# [WHAT THE TASK ASKS]
Return exactly the lines of the records below, starting at the line that contains "BMW Série 4 420d 2.0 190 xDrive" and ending at the line that contains "Adidas T-skjorte - Tiro25", with both of those lines kept.

# [EXTRACTED MATERIAL]
==============================
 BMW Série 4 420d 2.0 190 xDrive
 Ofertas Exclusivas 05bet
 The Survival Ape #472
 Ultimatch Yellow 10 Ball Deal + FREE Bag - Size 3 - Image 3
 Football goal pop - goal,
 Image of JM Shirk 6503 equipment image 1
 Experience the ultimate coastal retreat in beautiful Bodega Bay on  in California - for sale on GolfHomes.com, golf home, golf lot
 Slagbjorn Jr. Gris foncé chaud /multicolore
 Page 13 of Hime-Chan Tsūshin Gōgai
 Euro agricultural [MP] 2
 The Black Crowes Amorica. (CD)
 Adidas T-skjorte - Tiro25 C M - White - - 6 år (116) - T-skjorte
==============================
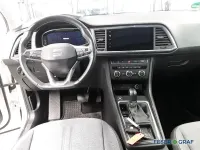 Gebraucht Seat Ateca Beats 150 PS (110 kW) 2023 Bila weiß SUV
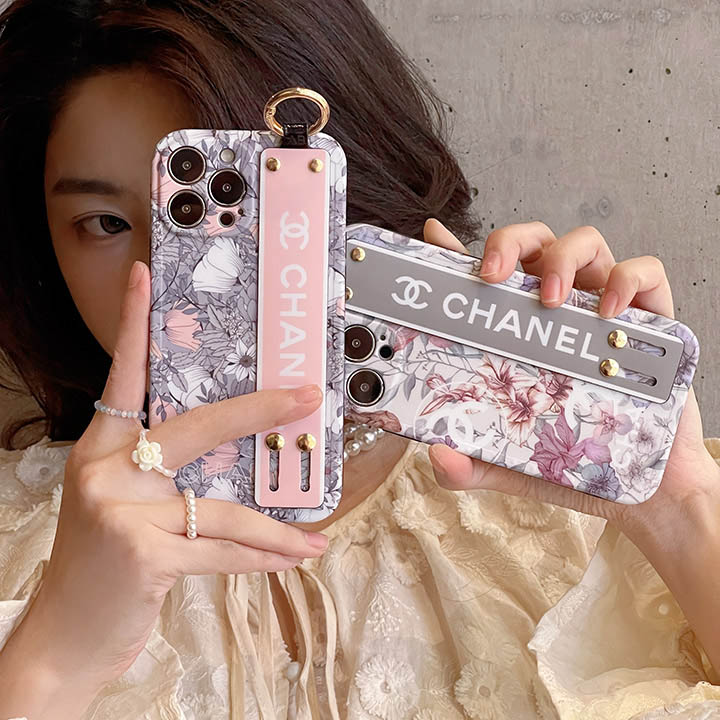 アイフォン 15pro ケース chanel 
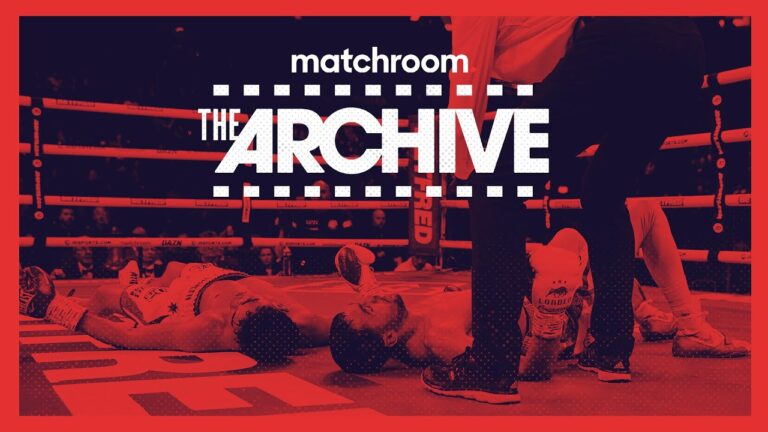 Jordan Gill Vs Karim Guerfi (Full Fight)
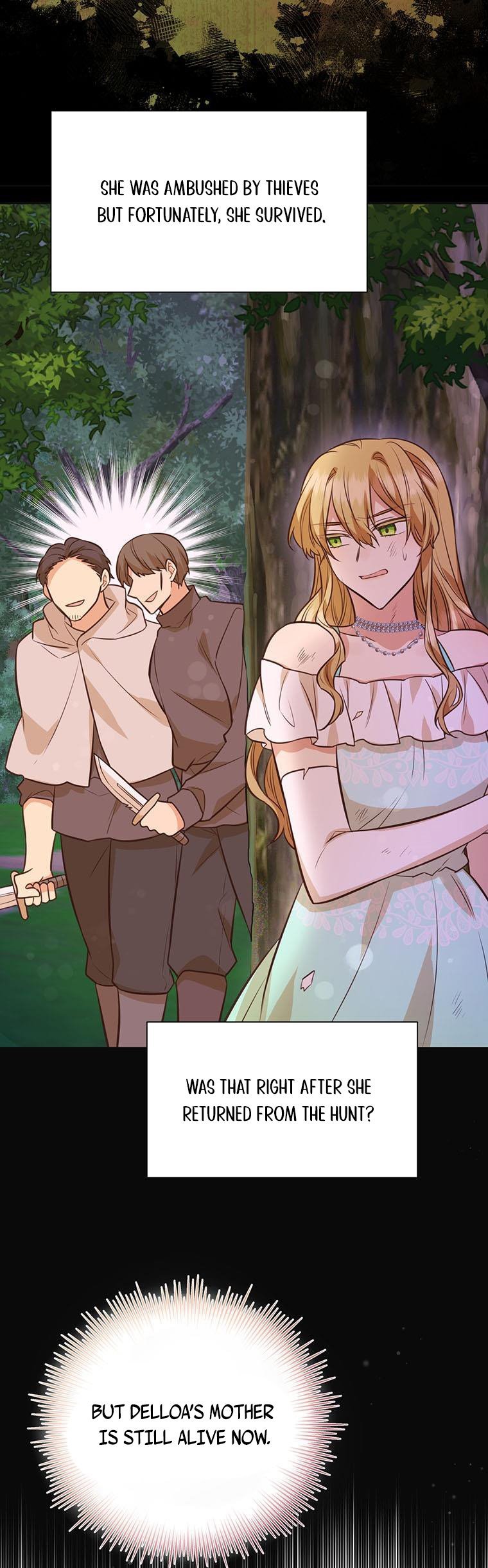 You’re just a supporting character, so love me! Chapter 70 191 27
==============================
# [ANSWER BOX]
 BMW Série 4 420d 2.0 190 xDrive
 Ofertas Exclusivas 05bet
 The Survival Ape #472
 Ultimatch Yellow 10 Ball Deal + FREE Bag - Size 3 - Image 3
 Football goal pop - goal,
 Image of JM Shirk 6503 equipment image 1
 Experience the ultimate coastal retreat in beautiful Bodega Bay on  in California - for sale on GolfHomes.com, golf home, golf lot
 Slagbjorn Jr. Gris foncé chaud /multicolore
 Page 13 of Hime-Chan Tsūshin Gōgai
 Euro agricultural [MP] 2
 The Black Crowes Amorica. (CD)
 Adidas T-skjorte - Tiro25 C M - White - - 6 år (116) - T-skjorte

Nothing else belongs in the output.